**Data excerpts:**
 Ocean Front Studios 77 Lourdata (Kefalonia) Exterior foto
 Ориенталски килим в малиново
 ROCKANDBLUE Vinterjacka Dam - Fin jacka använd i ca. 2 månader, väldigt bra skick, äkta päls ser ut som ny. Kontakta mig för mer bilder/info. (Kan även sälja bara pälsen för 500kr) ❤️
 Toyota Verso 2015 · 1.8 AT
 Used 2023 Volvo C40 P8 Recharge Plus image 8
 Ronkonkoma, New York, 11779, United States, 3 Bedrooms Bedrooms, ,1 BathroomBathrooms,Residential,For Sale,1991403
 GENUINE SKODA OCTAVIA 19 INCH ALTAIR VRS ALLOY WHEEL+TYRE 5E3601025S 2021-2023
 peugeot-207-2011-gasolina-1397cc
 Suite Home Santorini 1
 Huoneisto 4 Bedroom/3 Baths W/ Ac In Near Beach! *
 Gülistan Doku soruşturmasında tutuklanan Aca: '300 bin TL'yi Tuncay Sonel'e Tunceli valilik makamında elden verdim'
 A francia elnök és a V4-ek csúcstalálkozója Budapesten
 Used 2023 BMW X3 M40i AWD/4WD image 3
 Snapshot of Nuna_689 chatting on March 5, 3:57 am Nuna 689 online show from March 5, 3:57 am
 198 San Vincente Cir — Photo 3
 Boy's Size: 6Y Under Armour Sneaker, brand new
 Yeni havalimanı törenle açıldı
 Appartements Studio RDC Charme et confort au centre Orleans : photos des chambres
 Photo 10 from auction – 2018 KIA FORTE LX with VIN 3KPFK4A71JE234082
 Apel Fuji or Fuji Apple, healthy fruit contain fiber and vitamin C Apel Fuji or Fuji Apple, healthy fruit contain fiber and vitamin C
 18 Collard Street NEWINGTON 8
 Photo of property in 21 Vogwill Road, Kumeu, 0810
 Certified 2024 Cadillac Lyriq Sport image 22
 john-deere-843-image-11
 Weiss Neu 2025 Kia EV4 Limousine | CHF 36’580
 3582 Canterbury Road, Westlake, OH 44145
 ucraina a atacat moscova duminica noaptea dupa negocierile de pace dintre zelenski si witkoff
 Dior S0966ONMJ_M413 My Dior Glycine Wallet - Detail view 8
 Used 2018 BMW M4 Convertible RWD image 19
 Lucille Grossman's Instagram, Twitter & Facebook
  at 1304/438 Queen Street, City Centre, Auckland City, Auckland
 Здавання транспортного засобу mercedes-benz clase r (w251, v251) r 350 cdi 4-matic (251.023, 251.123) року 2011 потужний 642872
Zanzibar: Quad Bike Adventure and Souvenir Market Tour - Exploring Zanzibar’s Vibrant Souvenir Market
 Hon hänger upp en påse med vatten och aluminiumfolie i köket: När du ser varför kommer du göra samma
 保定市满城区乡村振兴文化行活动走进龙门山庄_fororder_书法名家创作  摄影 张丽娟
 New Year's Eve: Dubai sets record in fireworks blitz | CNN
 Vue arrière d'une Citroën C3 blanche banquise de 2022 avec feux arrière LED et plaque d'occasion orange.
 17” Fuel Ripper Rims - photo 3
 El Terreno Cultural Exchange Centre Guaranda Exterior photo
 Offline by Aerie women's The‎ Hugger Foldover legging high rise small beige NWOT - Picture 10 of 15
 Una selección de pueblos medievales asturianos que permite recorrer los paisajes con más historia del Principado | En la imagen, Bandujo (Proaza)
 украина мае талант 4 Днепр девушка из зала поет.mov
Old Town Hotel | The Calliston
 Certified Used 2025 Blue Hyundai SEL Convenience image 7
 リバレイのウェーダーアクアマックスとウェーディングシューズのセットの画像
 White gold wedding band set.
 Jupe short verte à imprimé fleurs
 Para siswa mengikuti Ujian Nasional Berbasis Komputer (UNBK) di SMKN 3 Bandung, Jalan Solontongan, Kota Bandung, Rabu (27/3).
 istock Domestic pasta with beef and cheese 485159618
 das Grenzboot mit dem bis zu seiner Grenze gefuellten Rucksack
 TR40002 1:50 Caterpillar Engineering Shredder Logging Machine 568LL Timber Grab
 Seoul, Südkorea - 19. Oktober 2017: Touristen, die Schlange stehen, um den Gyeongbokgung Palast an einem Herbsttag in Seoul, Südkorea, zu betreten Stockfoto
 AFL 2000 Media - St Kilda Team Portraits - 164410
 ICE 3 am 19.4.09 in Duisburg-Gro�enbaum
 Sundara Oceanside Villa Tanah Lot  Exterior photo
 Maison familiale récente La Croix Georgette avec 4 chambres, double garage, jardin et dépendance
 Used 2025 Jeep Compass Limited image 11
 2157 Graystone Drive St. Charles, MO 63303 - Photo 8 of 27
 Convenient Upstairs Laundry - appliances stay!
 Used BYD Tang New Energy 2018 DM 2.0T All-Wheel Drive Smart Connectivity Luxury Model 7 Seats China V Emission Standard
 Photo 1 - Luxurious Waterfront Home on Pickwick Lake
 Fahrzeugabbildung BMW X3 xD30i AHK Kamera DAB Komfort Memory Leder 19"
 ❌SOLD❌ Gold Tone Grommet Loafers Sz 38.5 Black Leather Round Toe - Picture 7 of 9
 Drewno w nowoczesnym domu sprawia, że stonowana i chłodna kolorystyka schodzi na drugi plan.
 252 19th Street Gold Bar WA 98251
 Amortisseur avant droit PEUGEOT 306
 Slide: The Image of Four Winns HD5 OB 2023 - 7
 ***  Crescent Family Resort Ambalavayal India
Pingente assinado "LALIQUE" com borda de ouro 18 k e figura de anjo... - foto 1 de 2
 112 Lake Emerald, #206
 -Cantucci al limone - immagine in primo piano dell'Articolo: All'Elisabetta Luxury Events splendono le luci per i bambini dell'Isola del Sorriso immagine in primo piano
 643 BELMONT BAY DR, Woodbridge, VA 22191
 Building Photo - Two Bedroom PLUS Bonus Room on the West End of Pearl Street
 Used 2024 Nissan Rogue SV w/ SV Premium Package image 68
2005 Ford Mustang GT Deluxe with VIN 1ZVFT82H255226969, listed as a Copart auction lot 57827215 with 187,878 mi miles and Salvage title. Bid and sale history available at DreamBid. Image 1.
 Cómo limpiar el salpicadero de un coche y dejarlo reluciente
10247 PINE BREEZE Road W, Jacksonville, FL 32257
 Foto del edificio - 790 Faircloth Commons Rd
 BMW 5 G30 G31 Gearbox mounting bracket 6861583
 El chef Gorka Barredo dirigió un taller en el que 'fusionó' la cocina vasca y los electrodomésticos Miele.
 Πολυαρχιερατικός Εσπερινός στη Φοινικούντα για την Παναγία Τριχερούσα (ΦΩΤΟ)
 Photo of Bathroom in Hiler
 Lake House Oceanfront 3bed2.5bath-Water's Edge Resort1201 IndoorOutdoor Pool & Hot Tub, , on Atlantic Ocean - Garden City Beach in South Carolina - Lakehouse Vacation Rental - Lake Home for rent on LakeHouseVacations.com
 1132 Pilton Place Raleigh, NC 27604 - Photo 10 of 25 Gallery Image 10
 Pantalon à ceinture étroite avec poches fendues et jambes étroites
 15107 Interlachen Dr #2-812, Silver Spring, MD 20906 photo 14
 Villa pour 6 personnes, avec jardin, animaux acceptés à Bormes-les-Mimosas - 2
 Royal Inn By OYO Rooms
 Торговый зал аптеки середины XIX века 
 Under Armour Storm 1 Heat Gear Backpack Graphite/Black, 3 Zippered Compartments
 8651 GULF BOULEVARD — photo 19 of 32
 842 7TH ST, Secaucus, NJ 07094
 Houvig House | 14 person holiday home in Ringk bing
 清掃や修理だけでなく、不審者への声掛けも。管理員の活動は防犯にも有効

**What this task involves:** Only the lines above from the one with "198 San Vincente Cir — Photo 3" up to and including the one with "ucraina a atacat" should be repeated, exactly as written.

**Problem solution:**
 198 San Vincente Cir — Photo 3
 Boy's Size: 6Y Under Armour Sneaker, brand new
 Yeni havalimanı törenle açıldı
 Appartements Studio RDC Charme et confort au centre Orleans : photos des chambres
 Photo 10 from auction – 2018 KIA FORTE LX with VIN 3KPFK4A71JE234082
 Apel Fuji or Fuji Apple, healthy fruit contain fiber and vitamin C Apel Fuji or Fuji Apple, healthy fruit contain fiber and vitamin C
 18 Collard Street NEWINGTON 8
 Photo of property in 21 Vogwill Road, Kumeu, 0810
 Certified 2024 Cadillac Lyriq Sport image 22
 john-deere-843-image-11
 Weiss Neu 2025 Kia EV4 Limousine | CHF 36’580
 3582 Canterbury Road, Westlake, OH 44145
 ucraina a atacat moscova duminica noaptea dupa negocierile de pace dintre zelenski si witkoff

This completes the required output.